Question

Two simply supported beams \( B_1 \) and \( B_2 \) have spans \( l \) and \( 2l \) respectively. Beam \( B_1 \) has a cross-section of \( 1 \times 1 \) units and \( B_2 \) has a cross-section of \( 2 \times 2 \) units. These beams are subjected to concentrated loads \( W \) each at the centre of their spans.
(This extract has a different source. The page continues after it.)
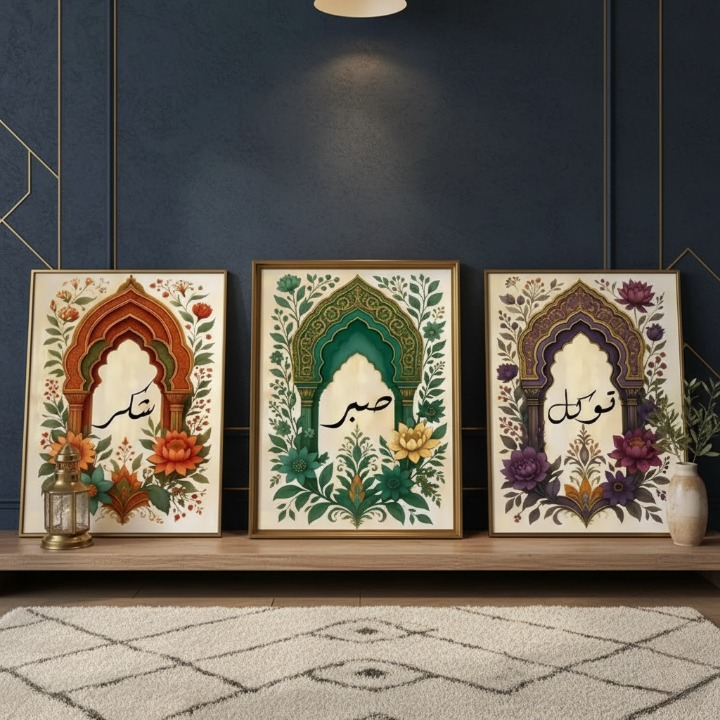 Tawakkul | Sabar | Shukar Wooden Sticky Wall Art �3 Piece Islamic Motivational Frame Set, 8x11 inch Each with Easy Sticky Tape Installation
The ratio of the maximum flexural stress in these beams is ............

• A. 2
• B. 4
• C. 0.5
• D. 0.25

Hint:

When comparing maximum flexural stresses in beams with different dimensions and spans, use the formula for bending stress and ensure you account for differences in the moment of inertia and span length.

Answer 1

The Correct Option is B

The maximum flexural stress \( \sigma_{\text{max}} \) in a beam is given by the formula: \[ \sigma_{\text{max}} = \frac{M_{\text{max}} \cdot y}{I} \] where: 
- \( M_{\text{max}} \) is the maximum bending moment, 
- \( y \) is the distance from the neutral axis to the outermost fiber, 
- \( I \) is the moment of inertia of the beam's cross-section.
For a beam subjected to a central load \( W \), the maximum bending moment is: \[ M_{\text{max}} = \frac{W \cdot l}{4} \] where \( l \) is the span of the beam. 
Now, let's calculate the moment of inertia for the two beams: 
1. For beam \( B_1 \), with a cross-section of \( 1 \times 1 \) units, the moment of inertia is: \[ I_1 = \frac{1 \times 1^3}{12} = \frac{1}{12} \] 2. For beam \( B_2 \), with a cross-section of \( 2 \times 2 \) units, the moment of inertia is: \[ I_2 = \frac{2 \times 2^3}{12} = \frac{16}{12} = \frac{4}{3} \] Next, the maximum flexural stress for each beam is given by: \[ \sigma_{\text{max},1} = \frac{M_1 \cdot y_1}{I_1} = \frac{\frac{W \cdot l}{4} \cdot \frac{1}{2}}{\frac{1}{12}} = \frac{W \cdot l}{4} \cdot 6 = \frac{6 W l}{4} \] \[ \sigma_{\text{max},2} = \frac{M_2 \cdot y_2}{I_2} = \frac{\frac{W \cdot 2l}{4} \cdot \frac{2}{2}}{\frac{4}{3}} = \frac{W \cdot 2l}{4} \cdot \frac{3}{4} = \frac{3 W l}{8} \] The ratio of the maximum flexural stresses in the two beams is: \[ \frac{\sigma_{\text{max},1}}{\sigma_{\text{max},2}} = \frac{\frac{6 W l}{4}}{\frac{3 W l}{8}} = 4 \] Thus, the ratio of the maximum flexural stress in these beams is 4.